__YOUR ASSIGNMENT__. Take the data below and copy exactly the lines starting at the one with "Florida-native becomes president" and finishing at the one with "Anverso de 50 Lire, 1980 R", both included.
***** DATA FOR THIS TASK
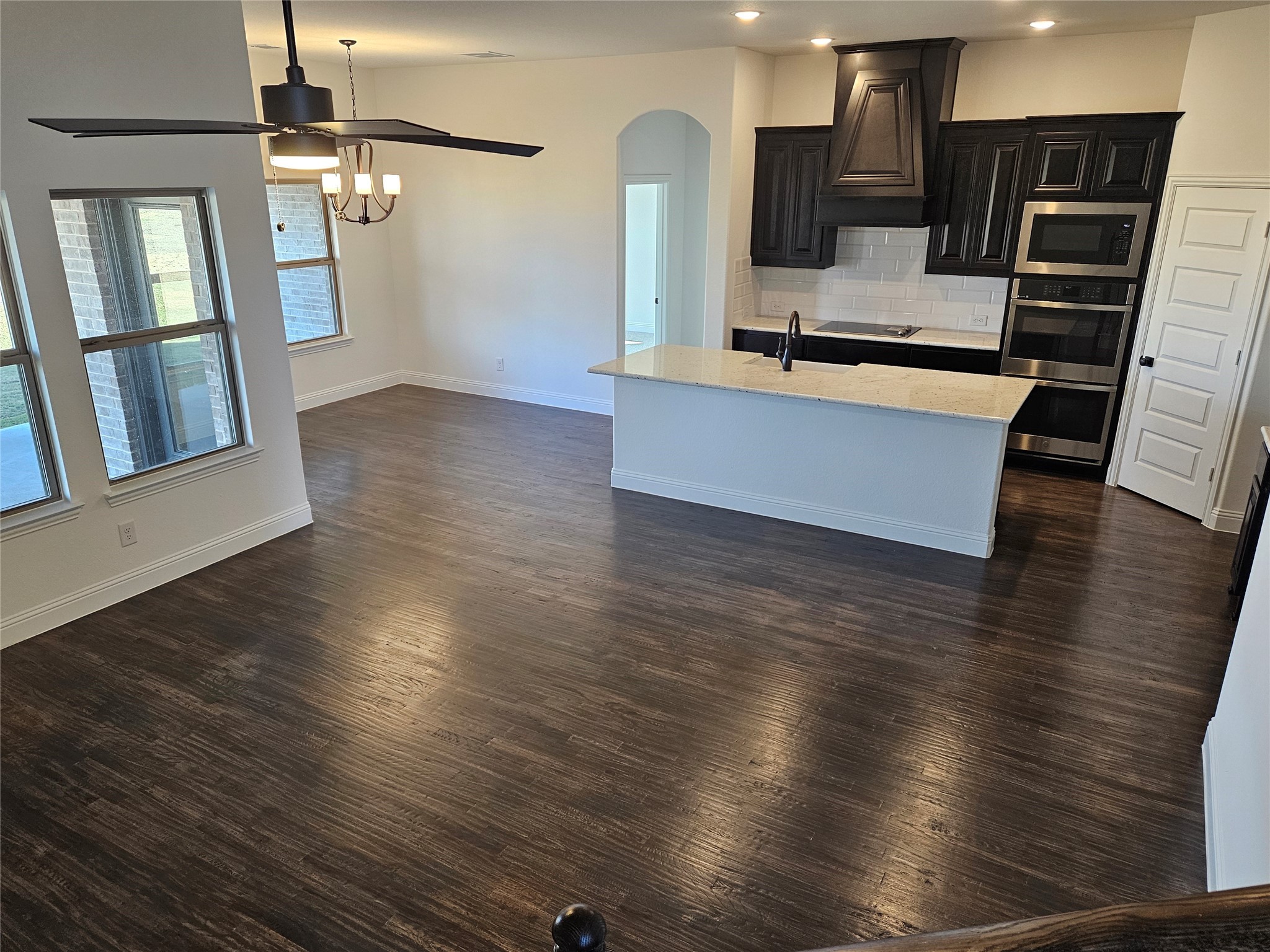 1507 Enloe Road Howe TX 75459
**********
***** DATA FOR THIS TASK
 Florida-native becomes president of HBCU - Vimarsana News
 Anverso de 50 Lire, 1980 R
**********
***** DATA FOR THIS TASK
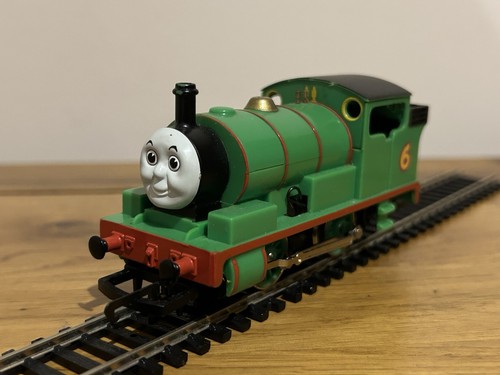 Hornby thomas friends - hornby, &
**********
__EXERCISE RESULT__.
 Florida-native becomes president of HBCU - Vimarsana News
 Anverso de 50 Lire, 1980 R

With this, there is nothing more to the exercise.